'Learning Science' Tops Education Deans' To-Do List
A group of education school deans hoping to spur improvements in teacher preparation today announced their first major initiative: To improve aspiring teachers' knowledge of the nitty-gritty of how and why students learn.
A paper released by the Deans For Impact summarizes the research on learning science, and identifies six key questions the group says teachers should grapple with. They are:
- How do students understand new ideas?
- How do students learn and retain new information?
- How do students solve problems?
- How does learning transfer to new situations in or outside of the classroom?
- What motivates children to learn?
- What are common misconceptions about how students think and learn?

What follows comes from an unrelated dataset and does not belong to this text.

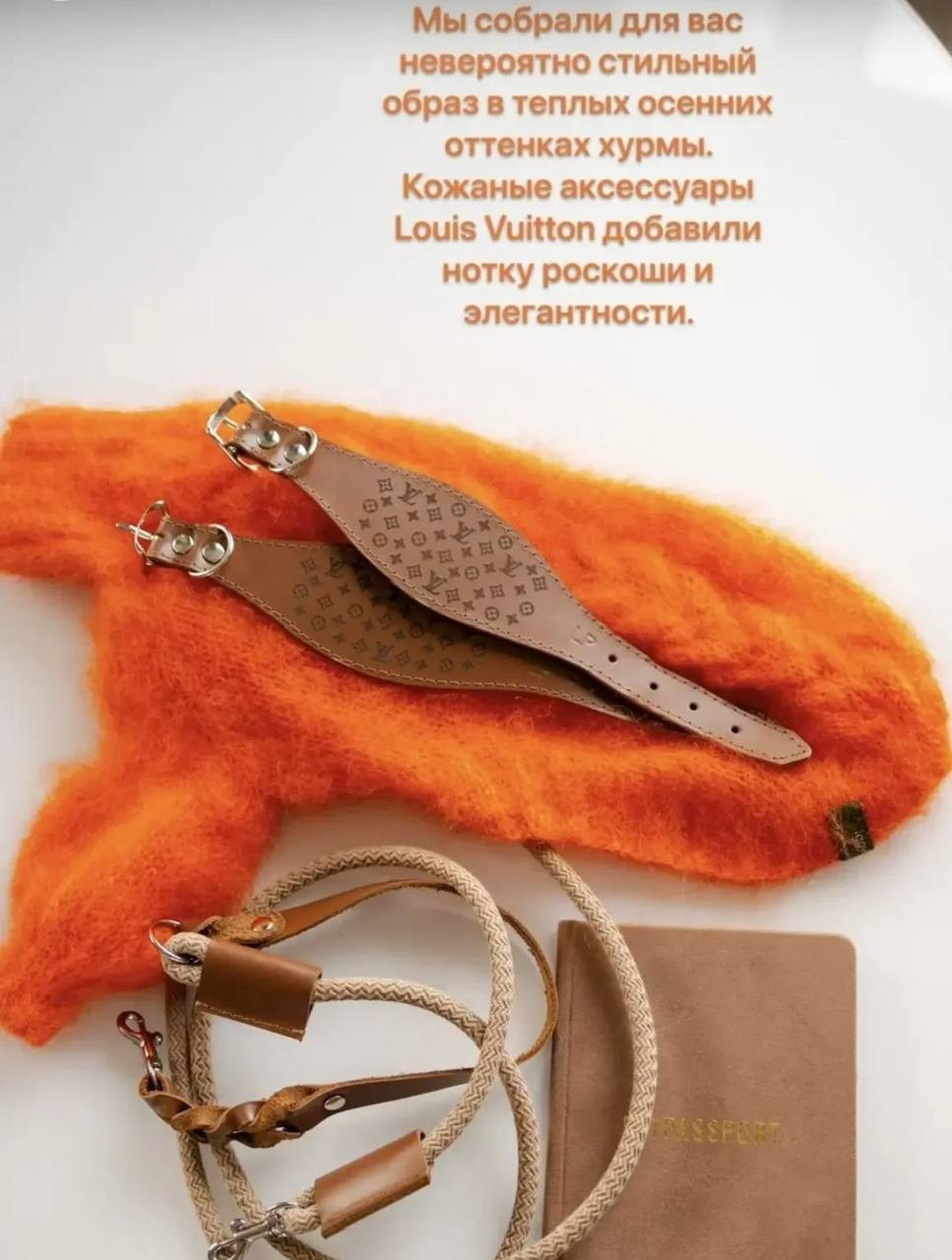 Итоги февраля. Профессиональный питомник левреток РКФ/FCI ASTI SAPPHIRE 💎 Сочи|Санкт-Петербург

"All educators, including new teachers, should be able to connect these principles to their practical implications for the classroom ... so that our methods of instruction are in harmony with our best understanding of the science of how we learn," according to the paper.
In practice, these principals have a lot of implications for pedagogy. For example, on transferring learning, a teacher ought to know that alternating concrete examples like word problems with abstract representations, like mathematical formulas, can help students understand the underlying structure of problems. In regard to misconceptions, they should know that students don't respond to different "learning styles" and aren't inherently "right-brained" or "left brained."
Deans for Impact has 24 current members. The paper was developed by them in collaboration with Daniel Willingham, a cognitive psychologist at the University of Virginia, and Paul Bruno, a former middle school science teacher and ed. policy student at the University of Southern California.
The first three member programs that will aim to translate these principles into teacher-preparation curricula are the Relay Graduate School of Education, the Boston Teacher Residency, and Temple University's College of Education.
Although the inititiative is new, the general notion that cognitive science hasn't penetrated teacher education isn't. In 2010, a report commissioned by then-accreditor National Council for the Accreditation of Teacher Education argued that not enough teacher-preparation programs included developmental science in their curricula.
Outside individuals supporting the Deans For Impact initiative include scholars such as Angela Duckworth, known for her research on how noncongnitive factors like self-control and "grit" affect student achievement, and Carol Dweck, who popularized the theory of the "growth mindset," or self-recognition that hard work and application can pay off in improvements.